Python Forum

Full Version: Parse data from downloaded html
You're currently viewing a stripped down version of our content. View the full version with proper formatting.
I want to extract from a directory (where i have stored my downloaded htmls), all the "executives". In this directory their are app 1.000 htmls stored wich should have the div id= article_participants element (if not, the files can be ignored) :

Quote:<DIV id=article_participants class="content_part hid">
<P>Redhill Biopharma Ltd. (NASDAQ:<A title="" href="http://seekingalpha.com/symbol/rdhl" symbolSlug="RDHL">RDHL</A>)</P>
<P>Q4 2014 <SPAN class=transcript-search-span style="BACKGROUND-COLOR: yellow">Earnings</SPAN> Conference <SPAN class=transcript-search-span style="BACKGROUND-COLOR: #f38686">Call</SPAN></P>
<P>February 26, 2015 9:00 AM ET</P>
<P><STRONG>Executives</STRONG></P>
<P>Dror Ben Asher - CEO</P>
<P>Ori Shilo - Deputy CEO, Finance and Operations</P>
<P>Guy Goldberg - Chief Business Officer</P>
<P><STRONG>Analysts</STRONG></P>

My output would need to be Name, Function, Period, Symbol:
Example: Ori Shilo | Deputy CEO,Finance and operations | q4 2014 | RDHL
I tried the following, but it's not sufficient:
import textwrap
import os
from bs4 import BeautifulSoup

directory ='C:/Research syntheses - Meta analysis/SeekingAlpha/out'
for filename in os.listdir(directory):
    if filename.endswith('.html'):
        fname = os.path.join(directory,filename)
        with open(fname, 'r') as f:
            soup = BeautifulSoup(f.read(),'html.parser')

print('{:<30} {:<70}'.format('Name', 'Answer'))
print('-' * 101)
Can someone help me?Q4
soup.find('div': {'id','article_participants'})
Sorry on a phone and was a pain to type that
sorry, i hope we can finish this discussion on SO.
I dont use SO, so i will never see anything other than what is posted here.

Sorry my syntax was wrong:
All you have to do is accommodate it for searching files

from bs4 import BeautifulSoup

html = '''<DIV id=article_participants class="content_part hid">
<P>Redhill Biopharma Ltd. (NASDAQ:<A title="" href="http://seekingalpha.com/symbol/rdhl" symbolSlug="RDHL">RDHL</A>)</P>
<P>Q4 2014 <SPAN class=transcript-search-span style="BACKGROUND-COLOR: yellow">Earnings</SPAN> Conference <SPAN class=transcript-search-span style="BACKGROUND-COLOR: #f38686">Call</SPAN></P>
<P>February 26, 2015 9:00 AM ET</P>
<P><STRONG>Executives</STRONG></P>
<P>Dror Ben Asher - CEO</P>
<P>Ori Shilo - Deputy CEO, Finance and Operations</P>
<P>Guy Goldberg - Chief Business Officer</P>
<P><STRONG>Analysts</STRONG></P>
'''

soup = BeautifulSoup(html, 'html.parser')
found = soup.find('div', {'id':'article_participants'})
if found:
    print('found')
else:
    print('not found')
hmmm but how would this help me with multiple htmls?
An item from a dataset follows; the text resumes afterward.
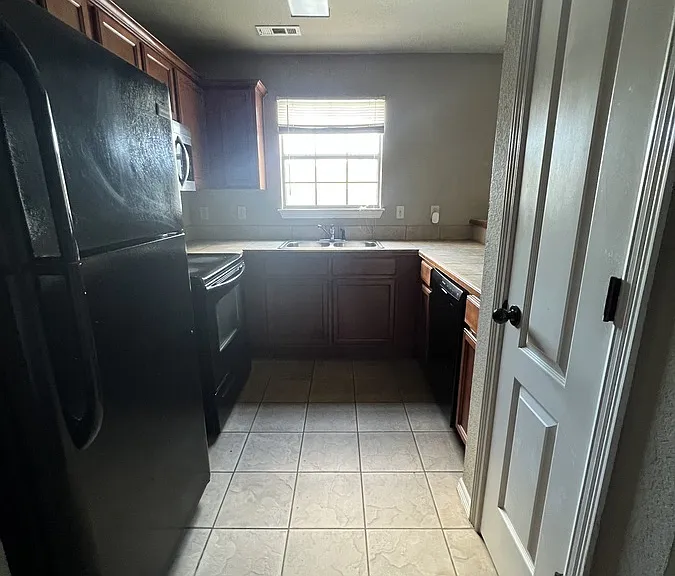 1716 N Chestnut Ave — Photo 12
The above mentioned html is only an example. Although the structure of the HTML is the same.
On mobile now so I cant write a full example but you have already done that in your first code snippet. You just left soup with no search or results if it was found or not.

Loop the directory for each html file, then search each file for that soup I gave. If that returns data then it was found and log that file as it contains that ID. Then proceed in that for loop to the next file and repeat.
But my output is now only "found" or "not found". I want the data, mentioned in the first post.